While the artist’s intention and technique is mindbogglingly complex, the images seem to be from an unknown world. Yet, the gallery notes state that “the artist captures old industrial factories in northeast China” and digitally alters them to achieve “background narrative and microscopic life”.

The three following photographs are titled “City Code“, 2019, by Hong Ye, a fragmented record of familiar, and at times unnoticed, encounters.

Models dressed in red looking into the depth of the virtual space – away from the viewer – are intended to be in the whispering distance, but incommunicado. Liang Xiao intends to issue a warning of loss, as red signals danger as well as it demands attention and respect. The three grey images in the middle are titled Meaning and Memory, 2019. Xiao Long states they are combination of CT film and text narrative from the artist’s relatives. Again, a Chinese speaker will get much more that I from the layered text. Nevertheless, I responded to the visual impression of attention, care and commitment.

Another night light in the three similar compositions titled “Entrance”, 2019 by Jingsi Yi, evokes a feeling of strangeness, unease, and other worldliness. Next, two views of tree crowns are stack above each other without alignment, yet almost succeeding in being one. Lui Hong Lui, Pine, 2018, comments on the lens based image as representing integrity, simplicity and tenacity of the trees eulogised in literature. The image has a power beyond holding my attention.

Wang Xining exhibits iphoto, 2016/17 thus introducing the ubiquitous capacity to capture a multitude of images, an overload of images. Jianjiao Lin draws attention to the ease of recording not only what is lived, but also what is just wished for, the mute cross in Nowhere to save, 2019. A plant exposed to sunlight for 6-8 hours leaves a trace on silver gelatin paper, when Dan Xu revives old technique of copying architect’s drawings in Light tattoo, 2019. The gelatin silver paper appears also in Li Ding’s Trees in winter, 2013.

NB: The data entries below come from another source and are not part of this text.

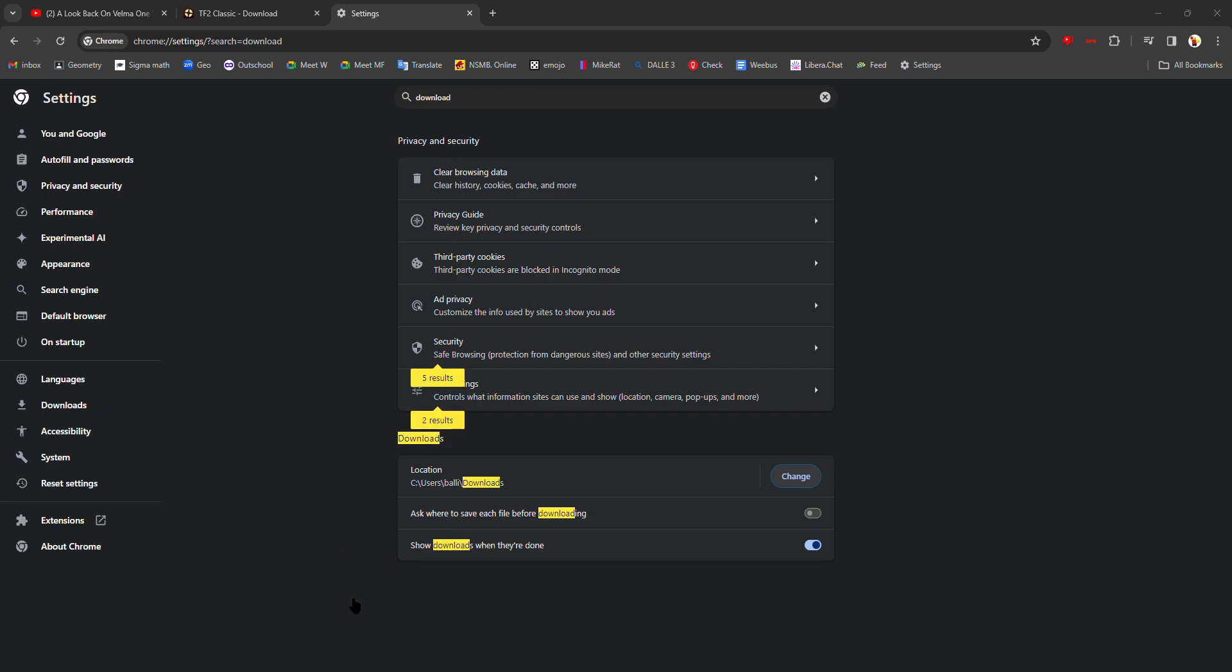So you're going to want to go to This PC, whatever primary hard drive you're on, you want to go to Program Files (x86), then Steam, then steamapps, then sourcemods. Make sure it's in that order precisely. This PC, whichever hard drive has the C: on it, Program Files (x86), Steam, steamapps, and then sourcemods.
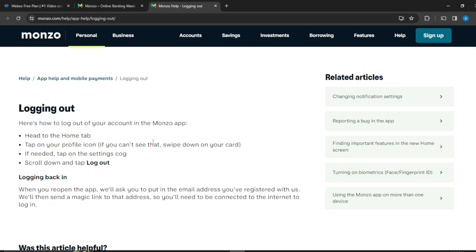That's how you can log in again on Monzo. To summarize logging out: tap your profile icon, tap the settings cog or settings wheel, then go down to the bottom of the page and click on log out — and it's going to log you out. You can go through the tutorial from top to bottom to get acquainted with the steps, and once you're done you'll be good to go.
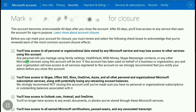Here is an important thing: your account becomes unrecoverable 60 days after you close it. After 60 days you will lose access to any service that uses the account for sign-in. Before you mark your account for closure, you must review and select the following checkboxes to acknowledge the most common account closure effects. You can also recover your Xbox or Microsoft account within the next 60 days. You will not be able to sign into your deleted Microsoft account if you want to delete it permanently. Now click on all these checkboxes.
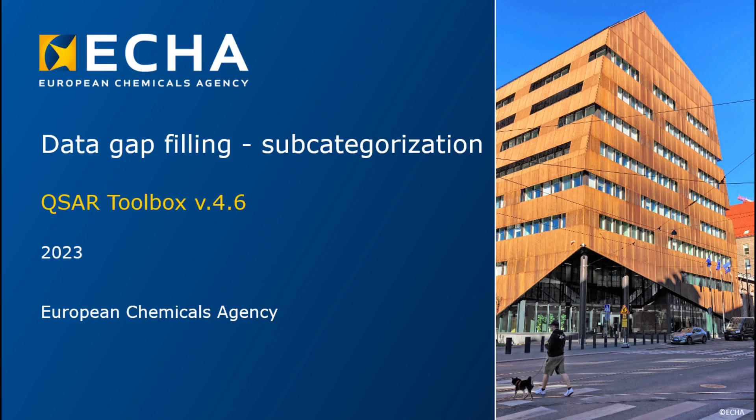Hello everyone, the topic of this video tutorial is subcategorization in the data gap filling section of the QSAR toolbox.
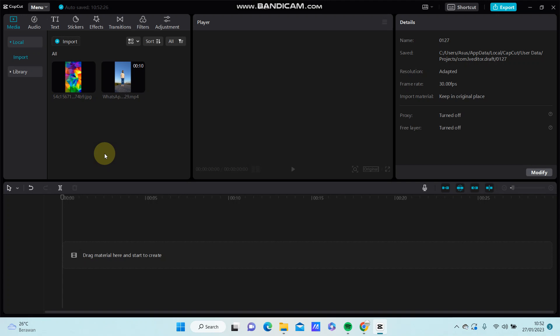Hello everyone, in this video I'm going to show you how you can add the overlay in CapCut.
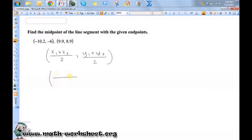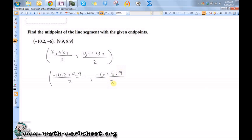So, negative 10.2 plus 9.9 divided by 2, and negative 6 plus 8.9 divided by 2.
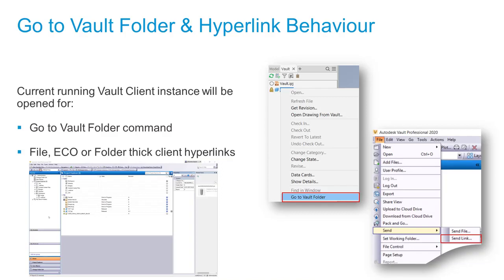The same behavior applies to Send Link. Using the same file, you send the link via email, change the folder location back to root, click the link, and download the file. Opening it navigates to the file location in the existing Vault instance.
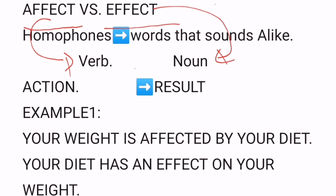'Affect' — written here in red — is usually a verb, and 'effect' is usually a noun. 'Effect' means the result of a change. You can think of 'affect' as an action, written under the word 'verb,' and 'effect' as a result.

In a separate room Yang Jiao presented a three-channel video installation, To the unknown place, 2016. Its 9 minutes 51 seconds powerfully held my attention both by the aesthetics and ethics they embodied. I did not get the actual narrative but the lived experience of someone alone burning the boat thus not being able to cross the river. In the notes, I read that it is about a Korean boy living in China at the river, in some places only 4m wide that marks the border. His fishing boat allows him to look at Korea and the troops guarding the border. Then the boat is burned. Perhaps a sign of the fatal fact that he cannot visit his homeland.

The overall meaning of this exhibition is the oneness of the world – while accepting differences. It also signals friendship among nations, while respecting differences. It evokes both Plato’s idea of the world made from differences and similarities and Mao’s call to let all flowers grow. We may at times champion different causes, but this exhibition represents commonality. Ben Okri summarised the human condition which all of us Earthlings share, thus: “The most authentic thing about us is our capacity to create, to overcome, to endure, to transform, to love and to be greater than our suffering.”